» Listed records
============

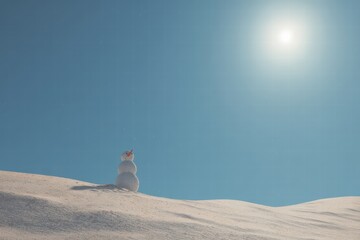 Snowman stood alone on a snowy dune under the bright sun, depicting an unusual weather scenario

============

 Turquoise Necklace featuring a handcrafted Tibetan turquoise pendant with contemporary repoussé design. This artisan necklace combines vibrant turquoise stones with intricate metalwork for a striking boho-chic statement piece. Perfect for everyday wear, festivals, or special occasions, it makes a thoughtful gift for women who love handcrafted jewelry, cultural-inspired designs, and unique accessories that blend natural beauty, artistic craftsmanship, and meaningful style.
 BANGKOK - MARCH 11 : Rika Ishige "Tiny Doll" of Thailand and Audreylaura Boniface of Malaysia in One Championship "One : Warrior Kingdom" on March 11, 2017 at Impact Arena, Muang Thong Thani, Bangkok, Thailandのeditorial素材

============

From the records above, repeat exactly the lines from the one with "Turquoise Necklace featuring" through the one with "BANGKOK - MARCH", both included.

» Answer to this task
 Turquoise Necklace featuring a handcrafted Tibetan turquoise pendant with contemporary repoussé design. This artisan necklace combines vibrant turquoise stones with intricate metalwork for a striking boho-chic statement piece. Perfect for everyday wear, festivals, or special occasions, it makes a thoughtful gift for women who love handcrafted jewelry, cultural-inspired designs, and unique accessories that blend natural beauty, artistic craftsmanship, and meaningful style.
 BANGKOK - MARCH 11 : Rika Ishige "Tiny Doll" of Thailand and Audreylaura Boniface of Malaysia in One Championship "One : Warrior Kingdom" on March 11, 2017 at Impact Arena, Muang Thong Thani, Bangkok, Thailandのeditorial素材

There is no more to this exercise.